No debería ser así, pues sobre el papel los nombres solo son etiquetas, signos que sustituyen a aquello que está ausente. Son sujetos pasivos a los que les enriquecen adjetivos y verbos. Yo seguiría siendo el mismo aunque me hubiera llamado Gumersindo, Telesforo o Atanasio.
Pero no está tan claro que sea así, es solo una teoría. Hay otra, la opuesta, que considera que tras el nombre hay mucho más, y todo importante. Es como aquel chiste viejuno que habría que recuperar en esta época pacata del pequeño indio sioux Gomarrota que le pregunta por su nombre a su padre Flechaardiente. Dylan cantaba que el hombre puso nombre a los animales y luego lo rehizo Sabina. En este sentido, el nombrar parece algo mágico, como cuando se invoca algo ausente al pronunciarlo. Es lo que hay detrás de aquel mandamiento de “no tomar el nombre de Dios en vano”. Sin embargo, los nombres son los mayores farsantes del lenguaje. De entre adjetivos, adverbios, verbos y otros elementos de cualquier lengua natural los nombres nos prometen la mayor fiabilidad en su trato con la realidad y nos entregan a cambio los mayores engaños.

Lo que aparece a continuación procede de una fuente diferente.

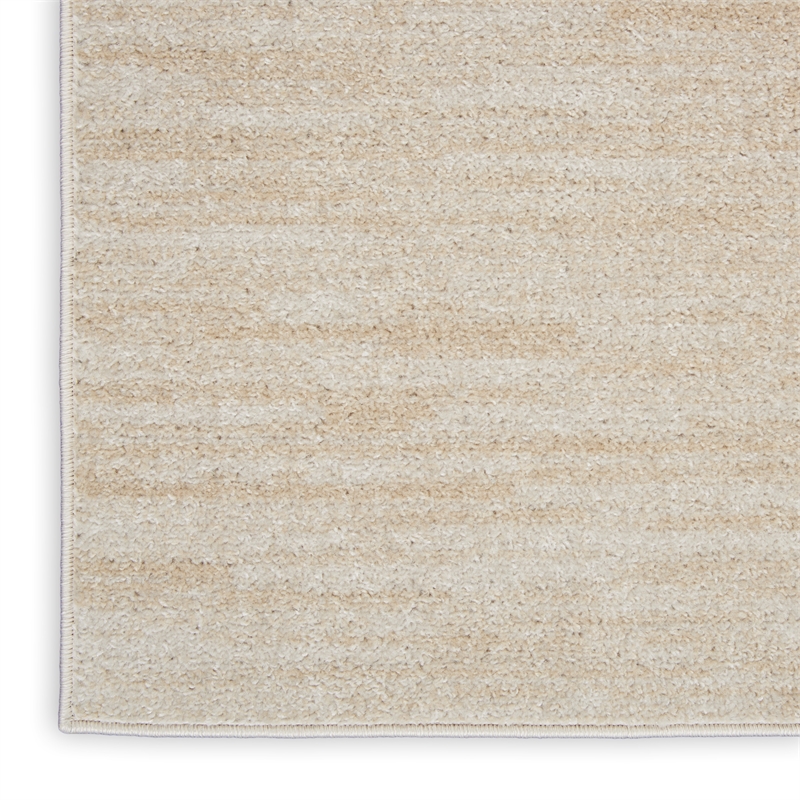 Pemberly Row Contemporary 5' Square Ivory Beige Indoor/Outdoor Rug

Creemos que los nombres son los intermediarios perfectos con la realidad. Y si son nombres propios, son mucho más fiables que los nombres comunes, de clases y entes abstractos, como ‘sororidad’.

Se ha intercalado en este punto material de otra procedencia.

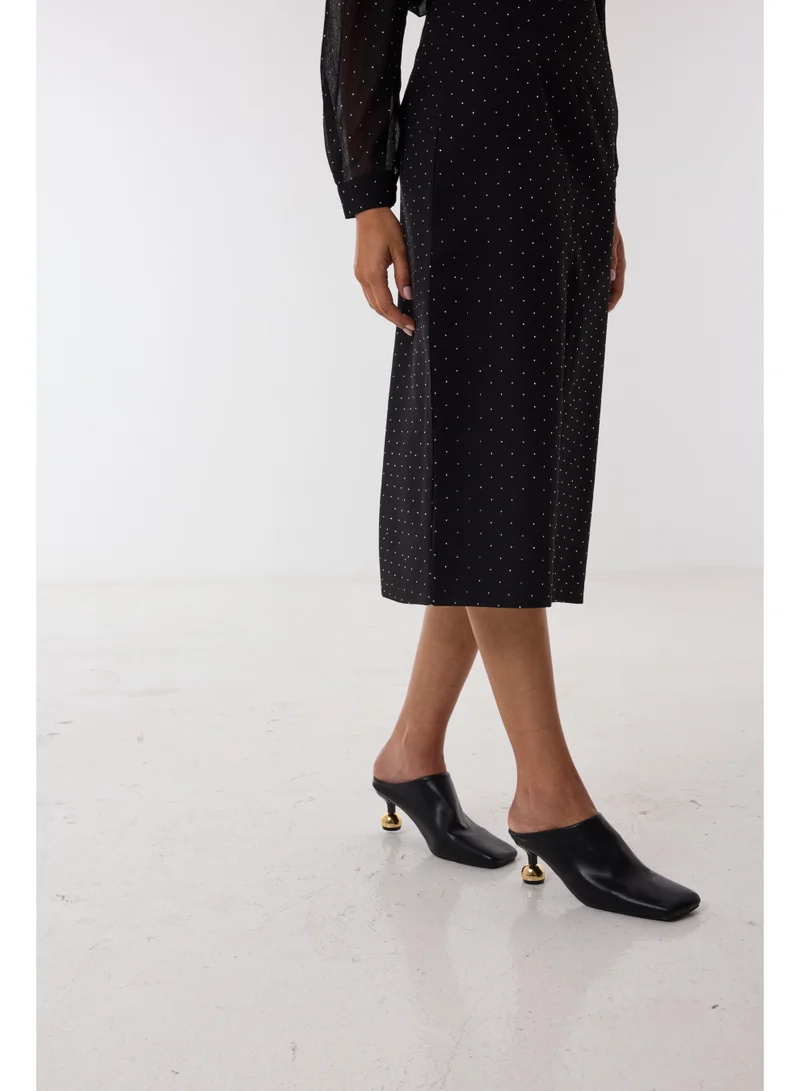 Ashita Fernandes  Sheer Polka Dot Chiffon Button-Down Skirt with Relaxed Fit – Black  | Best Price UAE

Es lo que creyó el genial Wittgenstein en su primera obra. Los nombres eran para el autor del ‘Tractatus’ los ganchos del mapa del lenguaje con los que toca y así refleja la realidad.

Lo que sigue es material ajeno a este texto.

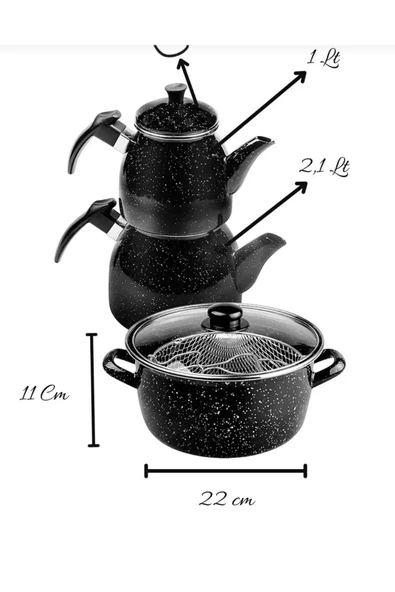 Emaye Çaydanlık ve 22 cm Kızartma Tenceresi Seti Midnight Dalmaçya  Taş ev - Resim 2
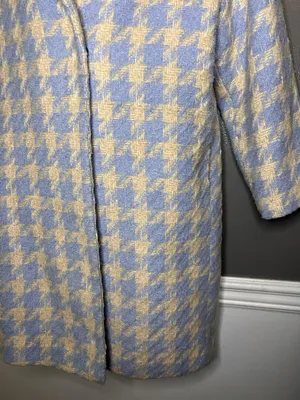 Baloot Coat Womens Small Blue Houndstooth Tweed 3/4 Sleeve Button Front Lined thumbnail 7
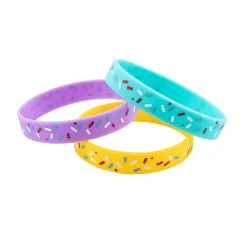 Donut Sprinkles Rubber Bracelets - 12 Pc.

El genial austriaco acabó criticándose a si mismo mientras le llovían los obuses sobre su trinchera en la Primera Guerra Mundial. De ahí que haya acabado malamente la fusión de los municipios Don Benito y Villanueva de la Serena, en Badajoz, que se prometía tan ejemplar. Tras aprobarse en referéndum su fusión administrativa los vecinos de ambas ciudades han rechazado los nombres propuestos por una comisión de catorce expertos: ni ‘Mestas del Guadiana’ ni ‘Concordia del Guadiana’. Desconozco los argumentos y dudas de los habitantes de ambos pueblos. Seguramente leyeron más al segundo Wittgenstein que al primero.
Yo soy de estos. Cuando mi padre me dijo a hurtadillas que yo también me llamaba ‘Javier’, potencié en el colegio este nombre que entre la familia estaba tapado por el ‘Adolfo’ de mi abuelo. Estaba convencido de que ligaría más. Y aún no pierdo la esperanza.
No podría imaginar al moribundo Charles Foster Kane pronunciar otro nombre que ‘Rosebud’ mientras da su último suspiro o a Totó decir otro nombre que el de Fredo, o a Pedro gritar algo distinto a ‘Wilma’. Michele sería otra canción sin ese nombre aunque la cantara Paul igual y Eleanor Rigby parece que era el nombre destinado a recoger el arroz de la iglesia del padre McKenzie.
Nombran las brujas en sus akelarres y nombran los amantes al llegar a la muerte dulce. “Amparo, si finges, al menos hazlo con mi nombre”, diría aquel. Creo que los nombres propios son importantes. España no es la misma desde que no hay Paquitos ni en la escuela ni en el rellano del portal.
Nuestra relación con los nombres propios es como la de los niños que juegan con sus muñecos, creemos que tienen vida y personalidad, que son especiales. Pero no, no es así. Al aferrarnos a los nombres, nos engañamos a nosotros mismos y damos la espalda al engaño todo del lenguaje. Aunque oigo el nombre de Rafael Nadal y vuelvo a confiar en los nombres propios y el primer Wittgenstein.